I had no idea what to expect when I was doing this. I think I had 5 of these particular plants and they had the blight (the other potatoes did not have it). So against my better judgment I cut them off as the google instructs and waited the requisite 2 weeks.

OMG!! This was as gratifying as it was easy. It turns out that Ann White was right about something for a change.

Produce report

Tomato. Just the one. This is an aberation, my sister gave me this plant, a red zebra, for my birthday and it’s the only plant in my garden that looks like it’s going to produce anything. And there won’t be another red tomato for weeks it appears to me.

The tomato, like all first tomatoes, as well as first pancakes and waffles, was not-so-much. But it was something anyway and I was thrilled to have it.

Produce report

Onions. OK, maybe not so much but it’s something and more remarkably something the squirrels are not eating.

A certain know-it-all I am acquainted with told me that the tearing that comes with onion slicing is worse with fresh onions. I was like Oh? Mm hm, whatever.

After 10 minutes of open weeping in my living room I was able to finish making my salad.

Plakis gigantes

Giant beans. Greek beans. I’m sure everyone remembers when I had the giant beans at the Greek restaurant in Frankfurt. I didn’t either until I was scrolling through some recipe by my friend Akis and I saw this recipe and was immediately reminded of their fabulousness. Strangely this coincided with an invitation to a friend’s for dinner, a sort of pot luck, and our hostess is Greek. So, bang, Greek beans.
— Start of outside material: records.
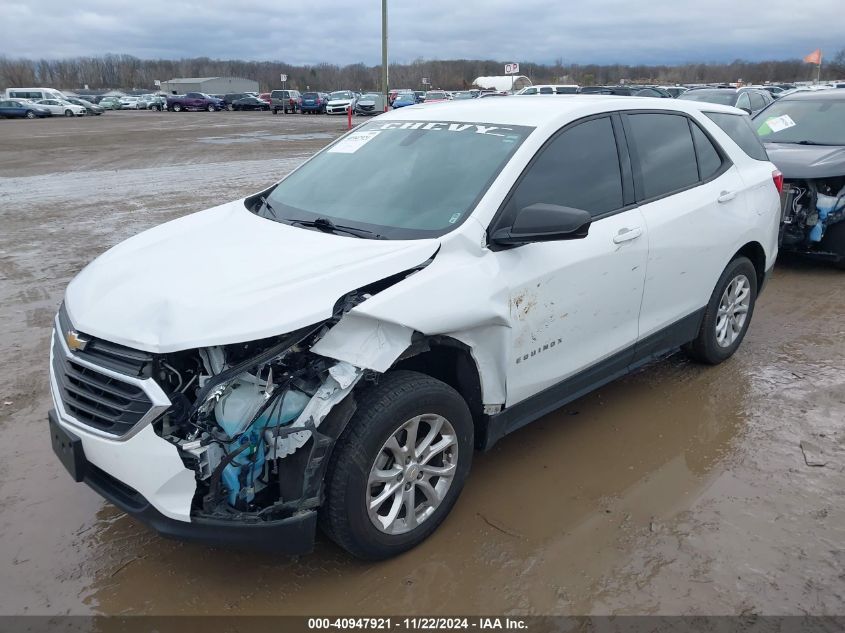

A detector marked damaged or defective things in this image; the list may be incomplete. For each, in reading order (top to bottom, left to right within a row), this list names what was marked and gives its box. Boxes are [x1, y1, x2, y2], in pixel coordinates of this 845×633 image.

damaged car in background [756, 90, 844, 266]
dented hood [760, 144, 844, 180]
dented hood [62, 201, 438, 354]
damaged white chevrolet equinox [49, 95, 780, 556]
damaged car in background [51, 95, 780, 556]
crumpled front bumper [50, 410, 320, 552]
Akis is a YouTube chef and I like what he does. Everything he makes is the easiest, the best and the sexiest, (his words not mine) and I do like his food, and Greek food in general. This recipe though was way too complicated I thought. These beans should be very simple and the recipe is very complicated. I added the lemon zest he calls for against my better judgment and I should have listened to my better judgment. It didn’t add “brightness” it added sourness.
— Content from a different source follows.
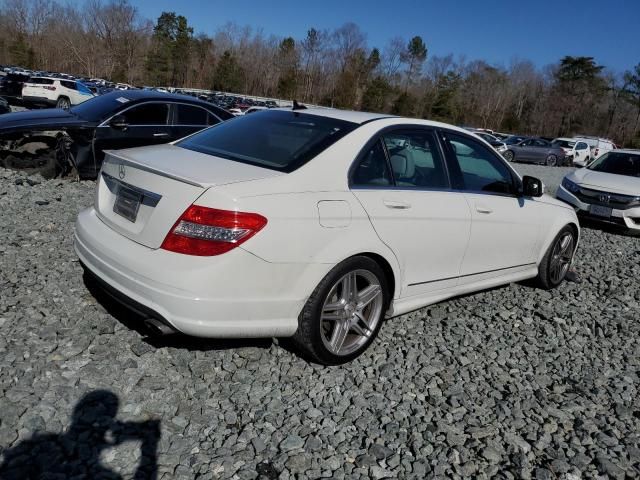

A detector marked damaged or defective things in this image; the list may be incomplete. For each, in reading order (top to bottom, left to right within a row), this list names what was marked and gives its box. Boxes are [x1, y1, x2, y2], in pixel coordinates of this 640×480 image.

Nonetheless, I arrived at the party and my hostess took the beans from me and when dinner rolled around she refused to put them out saying she was keeping them for herself. Aside from tasting them when I made them, I didn’t get to eat them. Still, I was flattered, I guess.

Mushroom turnovers

I had one of my book clubs (you’d think I was constantly reading but I am not) and I was to bring “finger food.” Since I had pastry dough leftover from my 4th of July pie, empanadas or something like them came to mind. A couple cans of mushrooms, some caramelized onions and shredded cheese and boom! empanadas.
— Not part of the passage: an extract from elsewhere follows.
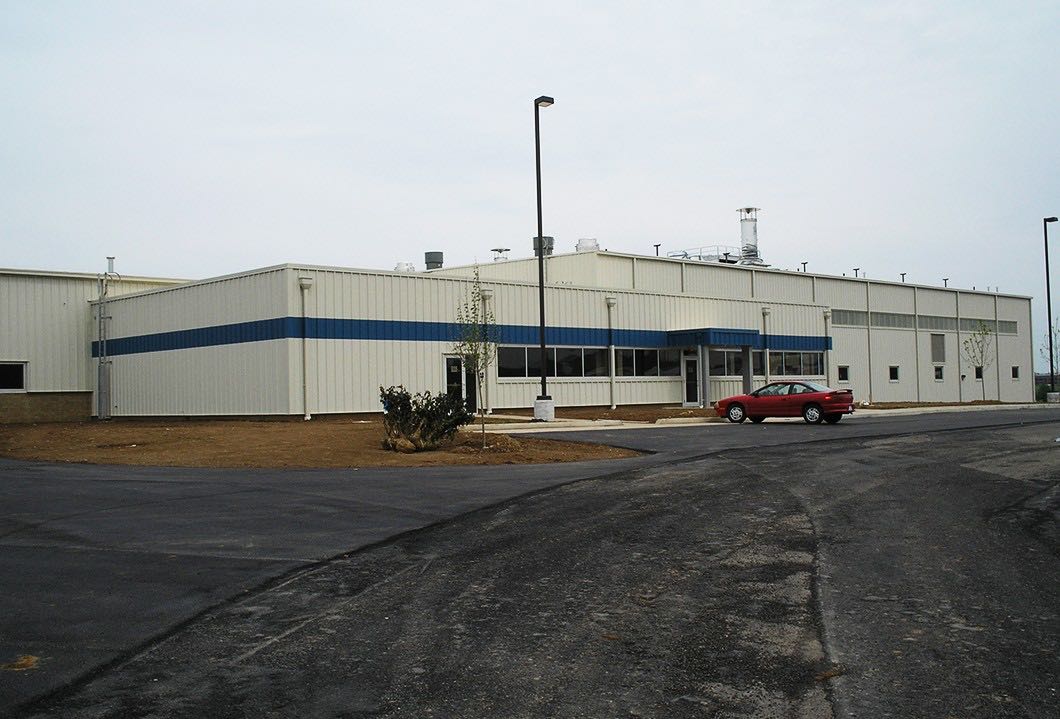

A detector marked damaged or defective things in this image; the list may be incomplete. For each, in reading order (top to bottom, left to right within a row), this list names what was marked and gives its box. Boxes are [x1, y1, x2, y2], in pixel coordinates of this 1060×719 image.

cracked asphalt [2, 411, 1060, 719]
They were pretty good considering, well, canned mushrooms and leftover dough.

Salsa choices

You know when you buy something simply because you like the jar? Probably you don’t. But I certainly do. I needed salsa and saw my go-to brand but this handsome bottle flashed before my eyes and since, like a crow, I am attracted to shiny objects, I bought it.

The salsa wasn’t half bad and now I have a new bottle for some damn thing or other.

4th of July pie

I have fond memories of this pie even though somehow I am unable to adequately reproduce it. My eldest grandniece was just old enough to be enthusiastically begging me for more the first time I made it and I cherish a sweet memory of her pleading with her mother for another piece with me gleefully telling my niece ‘yes, yes of course you can have more’ while her mother gave me the evil eye.

My punishment is that I have been unable to recreate it despite following the recipe exactly. The batter or filling or binder or whatever it is, just does not coalesce. It looked fine when it was baked and it tasted delicious but remained liquid-y when I sliced it. I solved that by putting a dollop of strawberry ice cream on each piece so no one really knew what the hell they were eating.